# Small Snake...but dangerous



## cre8foru (Aug 5, 2014)

I found this Copperhead Sunday after it crossed a path in the park. I would have never seen it after it crossed into the grass if I had not spotted it on the trail first. Camo on these guys is incredible. My second venomous snake of the year.  

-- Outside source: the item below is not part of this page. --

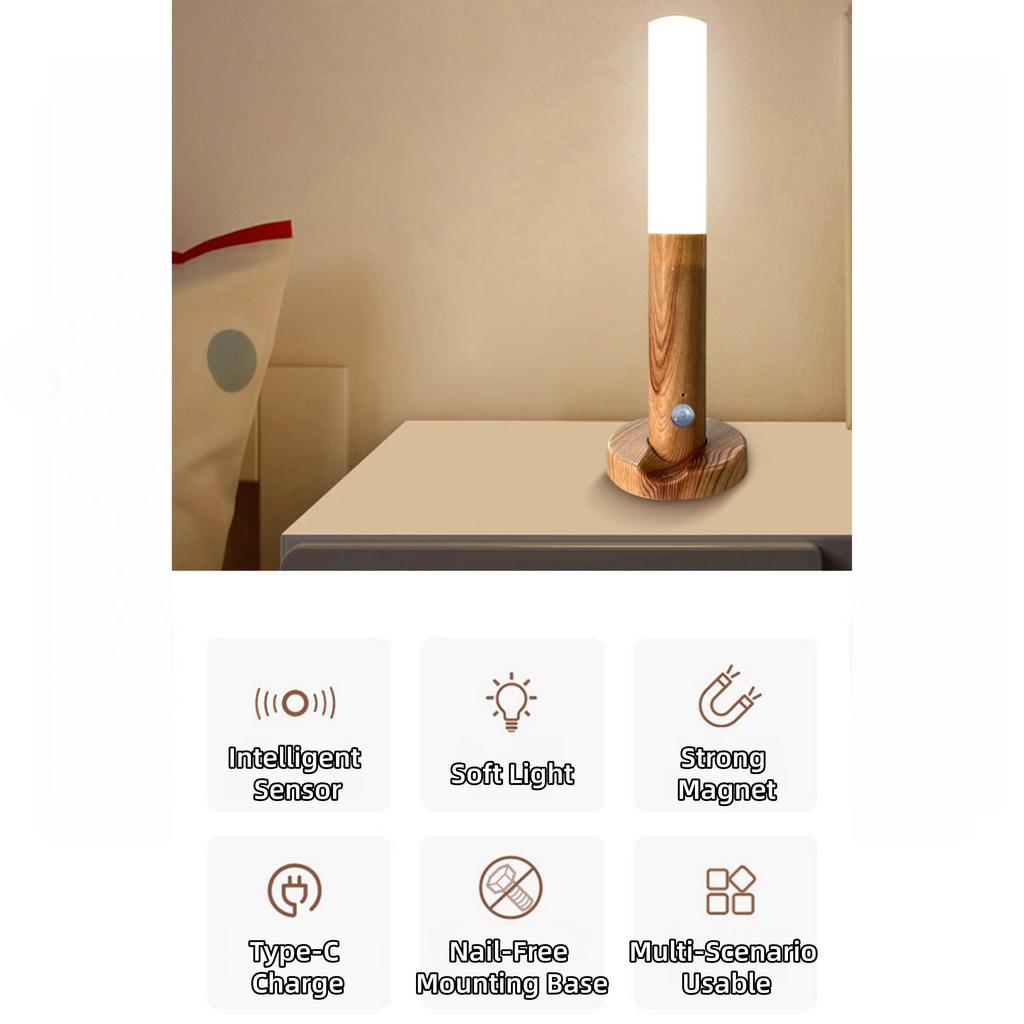 Rechargeable Sensor Wall Light, Magnetic & Wooden Finish, Intelligent Sensor Night Light for Corridor Cabinet Toilet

Northern Copperhead by cre8foru2009, on Flickr




Northern Copperhead by cre8foru2009, on Flickr
(this one with my 50mm)



Northern Copperhead by cre8foru2009, on Flickr


----------



## NCHillbilly (Aug 5, 2014)

Great shots!


----------



## Hoss (Aug 5, 2014)

Wonderful shots, Cre8.  Just the way I like em........ in a photo.


----------



## Crickett (Aug 5, 2014)

50mm??? Man you're  

Awesome shots!


----------



## donald-f (Aug 5, 2014)

You used a 50mm to shoot the picture. What cal. did you use to shoot the snake?


----------



## wvdawg (Aug 5, 2014)

Nice captures.  They are certainly pretty, but that is close enough!


----------



## mlbfish (Aug 5, 2014)

Great shots. But I would have to that one with Bigma and that would still be too close for me.


----------



## quinn (Aug 5, 2014)

Nice spot and shots cre8!


----------



## GAJoe (Aug 6, 2014)

Great images! Eevil lookin'! Thanks for postin'!
Found one on the back porch the other night just at dark. We're lucky the dogs didn't get bit. They won't get bit by that one; I made sure of that.


----------



## Bucky T (Sep 2, 2014)

You're a snake finding fool!!  Great Shots!


----------